NEW YORK (CNNMoney.com) -- Existing home sales fell in December, the month after a federal tax credit was slated to expire, according to a real estate industry report issued Monday.
The National Association of Realtors reported that existing home sales plunged 16.7% last month to a seasonally adjusted annual rate of 5.45 million units, down from the revised rate of 6.54 million in November. Still, sales year-over-year were up 15%.
Analysts surveyed by Briefing.com had expected the December sales rate to hit 5.9 million annual units.
It was expected that sales would decline from November to December, because November was slated to be the last month in which sales to first-time homebuyers could qualify for a federal tax credit of up to $8,000. Lawmakers have since extended that deadline through April 30, adding a new credit of up to $6,500 for some existing home owners who move.

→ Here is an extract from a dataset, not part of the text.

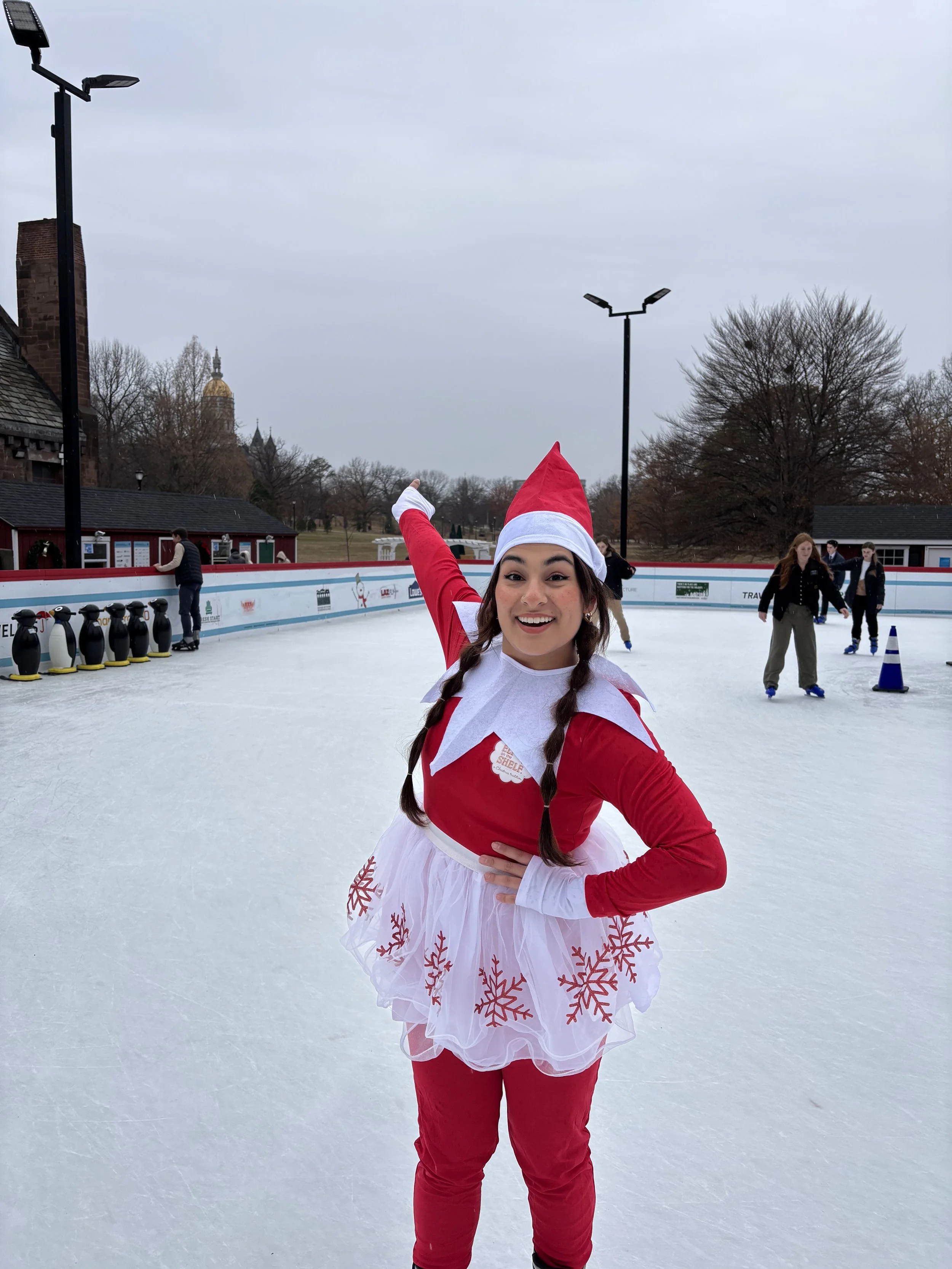 Elf on the Shelf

"This is a huge blow, much bigger than we expected," said PNC senior economist Craig Thomas. "Unfortunately, we'll continue to see this kind of volatility as economic supports like the tax credit are taken away."

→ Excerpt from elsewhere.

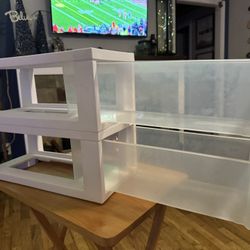 2 Sterilite Storage Drawers 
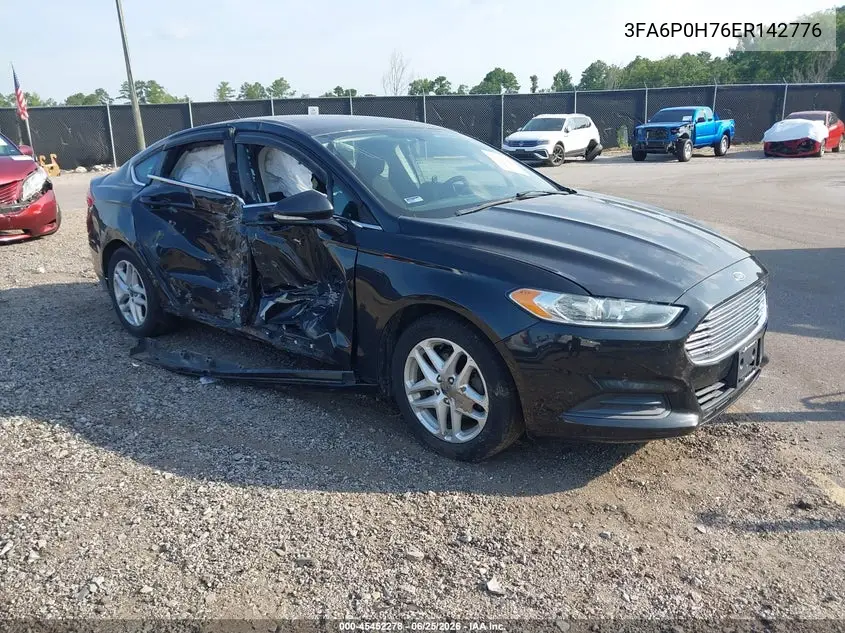 Ford Fusion (I)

Homebuyers rushing to get the credit made for a tough month-to-month comparison for December, Thomas said, and the month also suffers from seasonal issues like bad weather and holidays.
For all of 2009 there were 5,156,000 existing-home sales, which was 4.9% higher than 2008's total. That was the first annual sales gain since 2005.
In November, the planned tax credit expiration helped existing home sales gain 7.4% -- and that followed a 10% surge the previous month.
Despite December's disappointment, PNC's Thomas thinks the tax credit will help recharge the housing market the way Cash for Clunkers boosted auto sales in the longer term. That market saw an artificial jump, then dipped when the policy was dropped and then eventually got stronger.
"Since Cash for Clunkers has been over, autos have seen stronger and more sustainable sales -- and that's a function of a better economy," Thomas said. "That means home sales are likely to follow."
Price and inventory: The median price of homes sold in December was $178,300, a 1.5% gain over December 2008. That was the first year-over-year gain in the median price since August 2007. Distressed properties made up 32% of the houses sold during the month.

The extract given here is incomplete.